Reputation: 54919
I have the following function:
char f1( int a, unsigned b ) { return abs(a) <= b; }
For execution speed, I want to rewrite it as follows:
char f2( int a, unsigned b ) { return (unsigned)(a+b) <= 2*b; } // redundant cast
Or alternatively with this signature that could have subtle implications even for non-negative b
:
char f3( int a, int b ) { return (unsigned)(a+b) <= 2*b; }
Both of these alternatives work under a simple test on one platform, but I need it to portable. Assuming non-negative b
and no risk of overflow, is this a valid optimization for typical hardware and C compilers? Is it also valid for C++?
Note: As C++ on gcc 4.8 x86_64 with -O3
, f1()
uses 6 machine instructions and f2()
uses 4. The instructions for f3()
are identical to those for f2()
. Also of interest: if b
is given as a literal, both functions compile to 3 instructions that directly map to the operations specified in f2()
.
Upvotes: 6
Views: 696
Reputation: 54919
Yes, this is portable to compliant platforms. The conversion from signed to unsigned is well defined:
The description in the C spec is a bit contrived:
if the new type is unsigned, the value is converted by repeatedly adding or subtracting one more than the maximum value that can be represented in the new type until the value is in the range of the new type.
The C++ spec addresses the same conversion in a more sensible way:
In a two's complement representation, this conversion is conceptual and there is no change in the bit pattern
In the question, f2()
and f3()
achieve the same results in a slightly different way.
f2()
the presence of the unsigned
operand causes a conversion of the signed
operand as required here for C++. The unsigned addition may-or-may-not then result in a wrap-around past zero, which is also well defined [citation needed].f3()
the addition occurs in signed representation with no trickiness, and then the result is (explicitly) converted to unsigned. So this is slightly simpler than f2()
(and also more clear).In both cases, the you end up with the same unsigned representation of the sum, which can then be compared (as unsigned) to 2*b
. And the trick of treating a signed value as an unsigned type allows you to check a two-sided range with only a single comparison. Note also that this is a bit more flexible than using the abs()

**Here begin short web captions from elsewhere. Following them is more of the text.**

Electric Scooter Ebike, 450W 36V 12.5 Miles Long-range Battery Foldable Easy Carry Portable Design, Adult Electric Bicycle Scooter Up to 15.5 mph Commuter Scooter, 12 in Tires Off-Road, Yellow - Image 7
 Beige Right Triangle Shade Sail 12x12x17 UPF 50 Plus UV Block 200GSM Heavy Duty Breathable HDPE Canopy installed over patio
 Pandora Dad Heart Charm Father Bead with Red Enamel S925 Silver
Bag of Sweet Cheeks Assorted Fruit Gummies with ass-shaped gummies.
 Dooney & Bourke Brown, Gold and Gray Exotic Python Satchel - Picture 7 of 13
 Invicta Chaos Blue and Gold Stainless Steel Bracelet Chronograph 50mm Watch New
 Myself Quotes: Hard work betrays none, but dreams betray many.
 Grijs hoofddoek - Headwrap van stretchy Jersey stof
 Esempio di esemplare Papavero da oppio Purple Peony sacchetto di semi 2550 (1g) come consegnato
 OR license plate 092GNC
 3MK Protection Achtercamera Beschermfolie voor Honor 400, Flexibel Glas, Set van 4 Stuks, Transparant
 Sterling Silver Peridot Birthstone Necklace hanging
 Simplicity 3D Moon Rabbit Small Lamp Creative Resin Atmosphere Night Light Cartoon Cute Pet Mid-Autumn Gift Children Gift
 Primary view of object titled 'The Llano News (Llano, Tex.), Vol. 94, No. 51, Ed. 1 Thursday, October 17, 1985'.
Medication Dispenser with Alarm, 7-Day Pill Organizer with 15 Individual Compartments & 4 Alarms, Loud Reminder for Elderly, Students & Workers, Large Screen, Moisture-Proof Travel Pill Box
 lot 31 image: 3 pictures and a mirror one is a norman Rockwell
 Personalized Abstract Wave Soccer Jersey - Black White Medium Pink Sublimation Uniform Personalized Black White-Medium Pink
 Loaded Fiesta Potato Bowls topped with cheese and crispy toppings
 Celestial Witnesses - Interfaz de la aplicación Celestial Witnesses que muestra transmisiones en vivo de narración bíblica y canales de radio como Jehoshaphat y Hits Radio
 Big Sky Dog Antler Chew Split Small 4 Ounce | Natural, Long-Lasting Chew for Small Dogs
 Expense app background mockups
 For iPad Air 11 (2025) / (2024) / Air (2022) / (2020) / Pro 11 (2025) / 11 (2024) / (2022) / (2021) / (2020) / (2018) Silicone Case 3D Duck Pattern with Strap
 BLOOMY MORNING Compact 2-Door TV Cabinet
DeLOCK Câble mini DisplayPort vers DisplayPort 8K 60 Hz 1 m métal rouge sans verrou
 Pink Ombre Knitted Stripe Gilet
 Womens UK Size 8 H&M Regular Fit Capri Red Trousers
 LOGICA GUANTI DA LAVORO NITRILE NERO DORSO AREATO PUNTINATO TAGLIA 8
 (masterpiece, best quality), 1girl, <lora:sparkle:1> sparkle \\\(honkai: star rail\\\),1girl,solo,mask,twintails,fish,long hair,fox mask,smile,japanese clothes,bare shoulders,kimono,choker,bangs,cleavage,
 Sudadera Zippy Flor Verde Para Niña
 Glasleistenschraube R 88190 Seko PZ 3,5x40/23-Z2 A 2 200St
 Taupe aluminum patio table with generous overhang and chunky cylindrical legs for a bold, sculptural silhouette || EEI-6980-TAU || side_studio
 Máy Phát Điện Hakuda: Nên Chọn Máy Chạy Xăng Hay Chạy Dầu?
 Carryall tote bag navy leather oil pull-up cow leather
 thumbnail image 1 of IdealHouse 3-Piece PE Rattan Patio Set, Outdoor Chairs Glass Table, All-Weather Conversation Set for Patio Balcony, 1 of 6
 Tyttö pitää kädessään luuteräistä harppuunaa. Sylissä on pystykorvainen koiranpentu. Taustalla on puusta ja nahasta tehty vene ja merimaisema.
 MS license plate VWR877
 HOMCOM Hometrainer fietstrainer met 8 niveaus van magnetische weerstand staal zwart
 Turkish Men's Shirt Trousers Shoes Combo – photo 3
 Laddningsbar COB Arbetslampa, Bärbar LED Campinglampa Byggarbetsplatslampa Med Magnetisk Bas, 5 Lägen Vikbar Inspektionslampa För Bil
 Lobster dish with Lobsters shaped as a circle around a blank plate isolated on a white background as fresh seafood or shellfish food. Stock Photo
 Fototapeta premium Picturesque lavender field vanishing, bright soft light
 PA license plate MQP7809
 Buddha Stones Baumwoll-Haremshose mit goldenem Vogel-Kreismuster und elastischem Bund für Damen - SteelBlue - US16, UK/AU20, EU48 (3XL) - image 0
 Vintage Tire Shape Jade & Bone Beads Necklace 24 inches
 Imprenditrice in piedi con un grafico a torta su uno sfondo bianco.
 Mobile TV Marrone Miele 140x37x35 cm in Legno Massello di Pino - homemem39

function since the trick doesn't require that the range be centered around zero.
I think this question demonstrated that using unsigned types is generally a bad idea. Look at the confusion it caused here.
It can be tempting to use unsigned
for documentation purposes (or to take advantage of the shifted value range), but due to the conversion rules, this may tend to be a mistake. In my opinion, the "usual arithmetic conversions" are not sensible if you assume that arithmetic is more likely to involve negative values than to overflow signed values.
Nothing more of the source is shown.